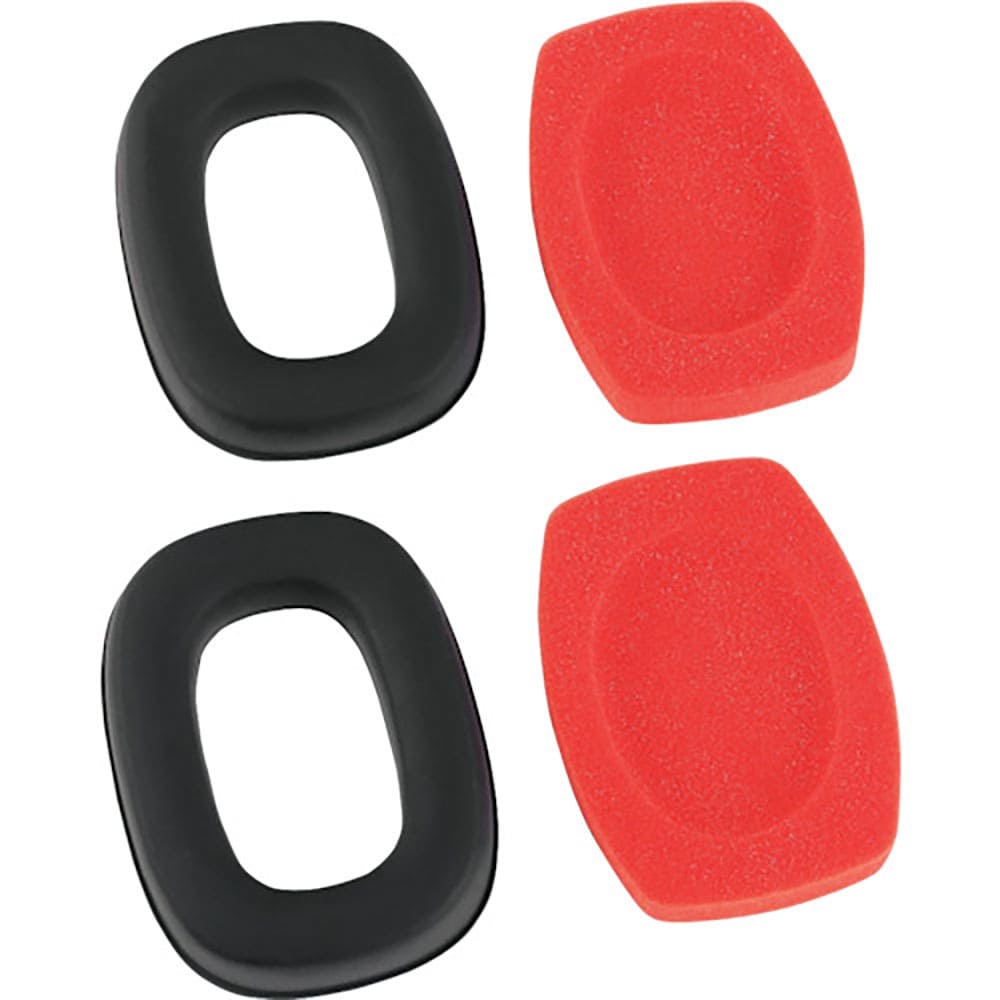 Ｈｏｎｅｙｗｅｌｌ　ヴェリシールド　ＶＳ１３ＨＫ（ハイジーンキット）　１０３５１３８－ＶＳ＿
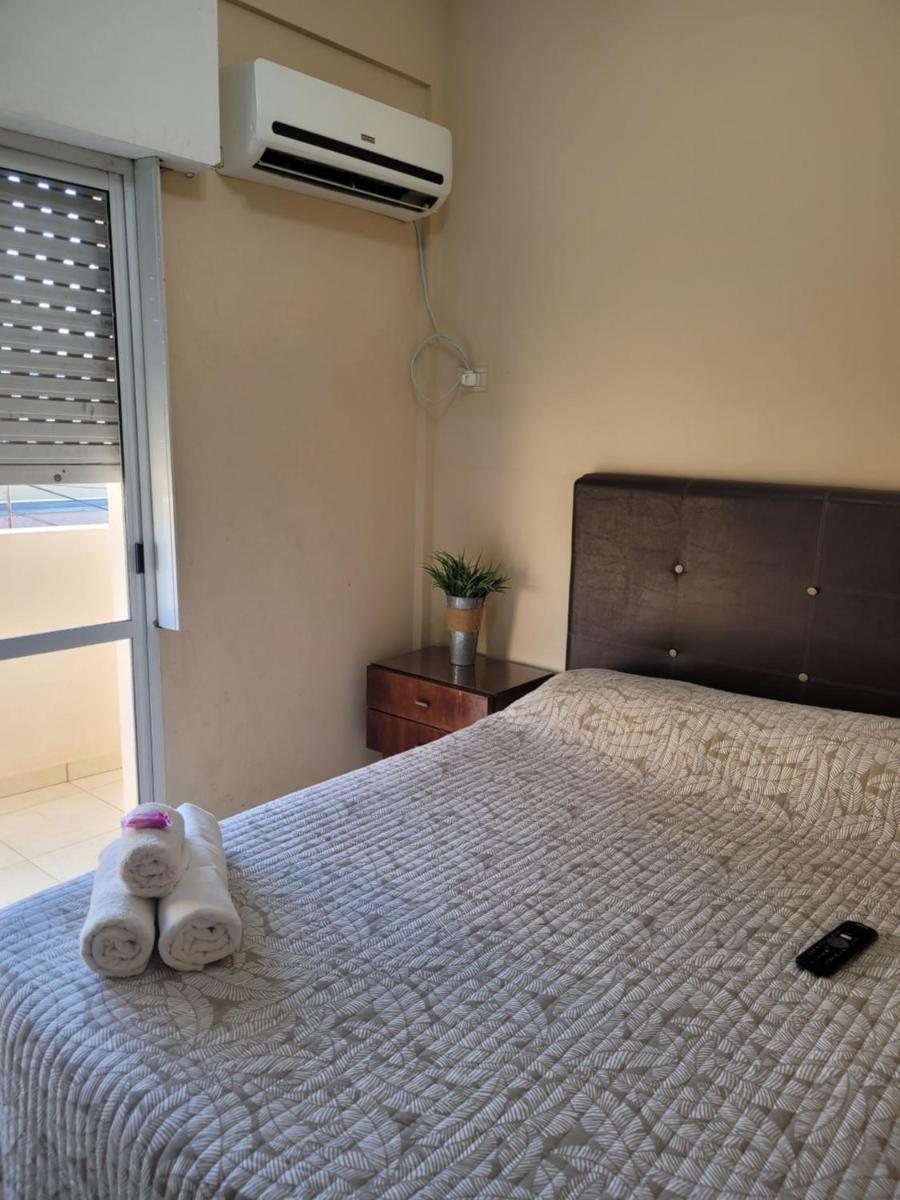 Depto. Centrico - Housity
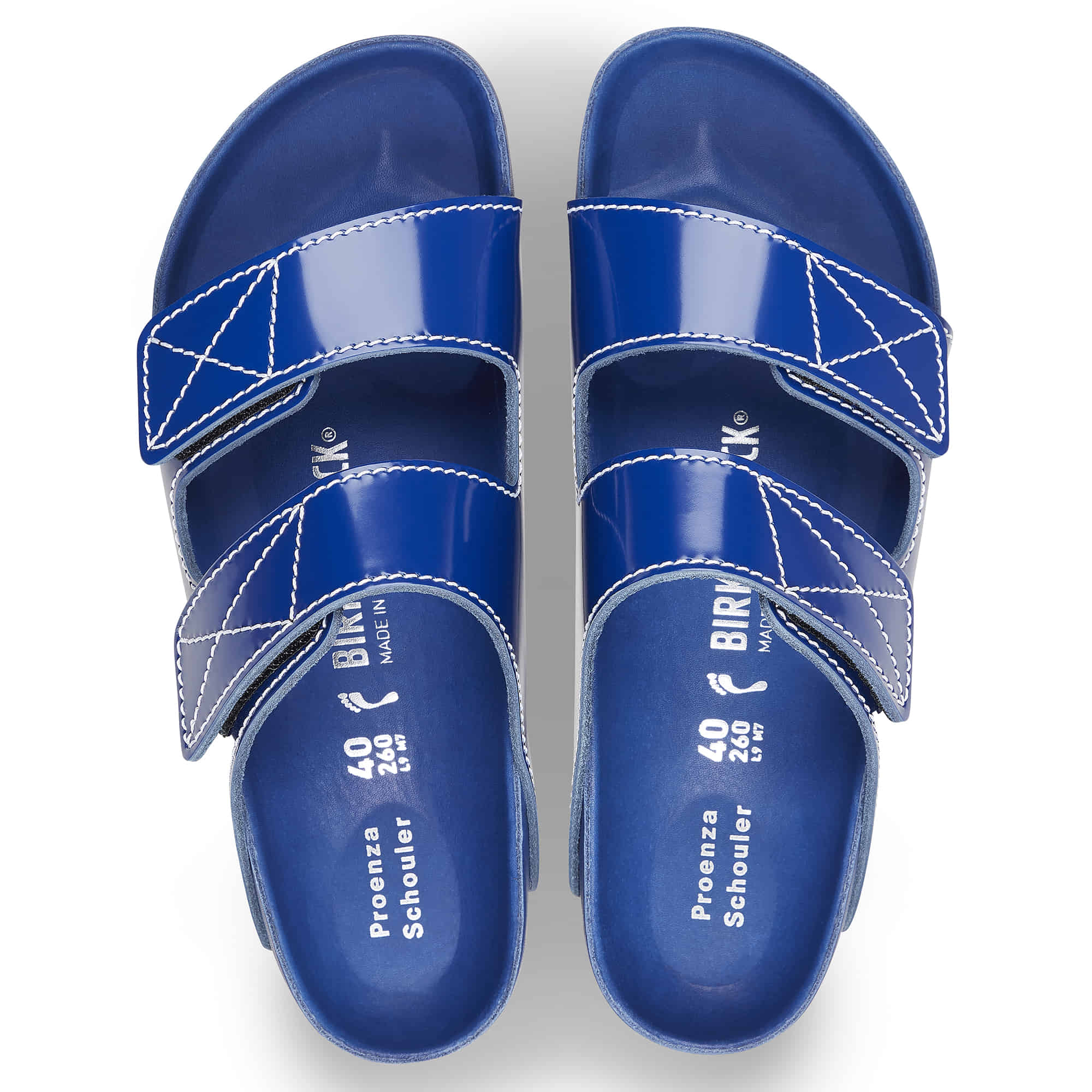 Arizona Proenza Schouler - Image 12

• ACTIVITY: Transcribe the material exactly, and leave out whatever pictures it holds.

• RESPONSE TO THIS TASK:
 Ｈｏｎｅｙｗｅｌｌ　ヴェリシールド　ＶＳ１３ＨＫ（ハイジーンキット）　１０３５１３８－ＶＳ＿
 Depto. Centrico - Housity
 Arizona Proenza Schouler - Image 12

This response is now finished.